Wait, no, I did not really pursue my little princess with persistance;
And I was so low-key that she was unaware of my existence
From a distance I desired her, secretly admired her;
Wired her a letter to get her, and it went:
My dear, my dear, my dear, you do not know me but I know you very well
Now let me tell you about the feelings I have for you
When I try, or make some sort of attempt, I symp
Damn I wish I wasn’t such a wimp!
‘Cause then I would let you know that I love you so
And if I was your man then I would be true
The only lying I would do is in the bed with you
Then I signed sincerely the one who loves you dearly, PS love me tender
The letter came back three days later: “Return to Sender”

Damn.

The three 50’s ballad references at the end, the seamless lapse into imagined serenade in the middle, and the general sense of undeniably feeling conquered by overwhelming self-doubt is nothing less than remarkable. “Passin’ Me By” is then topped by next song “Otha Fish,” at the other end of the relationship spectrum–lamenting lost love, and reapproaching it to see if it ever truly existed.

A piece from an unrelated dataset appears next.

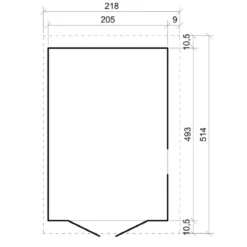 Casetta Addossata da Giardino in Legno Chiusa 2x5 m Pavimento 10 m2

Two magnificent verses are topped by the third, my favorite hip-hop moment of all time:

Now, if there ain’t no mountain high enough,
why ain’t you climbin up?
My hand has been extended ever since the day I lent it to ya
I thought I knew ya, but I didn’t even know ya
bro, you’re stupid, cause ya thought you’d catch a Cupid
and you found that love ain’t two whiffs of shit
So I resign and quit
It ain’t even about the hips, or the lips or the tits, uh-uh
even the pussywhipped, Elizabeth, this is it
because I slipped and I tripped into a shoe that didn’t fit
And now the next man is stealing my heart away
I’d charge him like a bull, but his pull never fades me
The kid is going crazy, he’s steppin with my lady
they workin on a baby, I’m pushin up the daisies, but

hey diddle diddle, I won’t play second fiddle
to no man and stand firm on this
and seal up on the bliss with a big juicy kiss
Just call me “Big Gibraltar” miss
No, I won’t diss, I’m just like on to otha fish in the sea

The mesmerizing, breathless flow and sense of complete romantic resignation punctuated at the end by a slight ray of hope has never been duplicated, and I find myself rewinding just this verse over and over, identifying with it as much as I admire it. The Pharcyde, like most forward-thinking groups of this time, would issue a solid follow-up, but one that couldn’t come close to reaching the emotional highs and lows of this one. It’s a preternatural miracle of an album, a debut from left field so assured and singular that nothing can, and will, touch it.

1. Radiohead-OK Computer (Capitol, 1997)

I know, a bit anti-climactic and over-obviuous, but I can’t deny the continued appeal this record has for me. OK Computer has essentially been enshrined by this point by critics and fans alike, and, hey, I’m not made of stone. It came out in the early summer of 1997, and it’s the only CD I’ve ever split the cost of with anyone, both myself and my best friend at the time knowing we’d only listen to it in each others’ cars for the next six months, which we of course did. One of the major criteria for inclusion and ranking on this list was shelf-life, and OK Computer shows no signs of wear, either the wide, dense Nigel Godrich production style or, more importantly, the subject matter. Thom Yorke’s lyrics manage to offer political and social critique without devolving into complaint, and “No Surprises” and “Electioneering” are modern protest songs that have actually gained relevance, especially the lyric “they don’t speak for us” in the midst of the current administration’s humiliating take on international relations. Where The Bends was (and still is) blatantly pillaged for everything it offers, it seems that it will take years for most to catch up with OK Computer.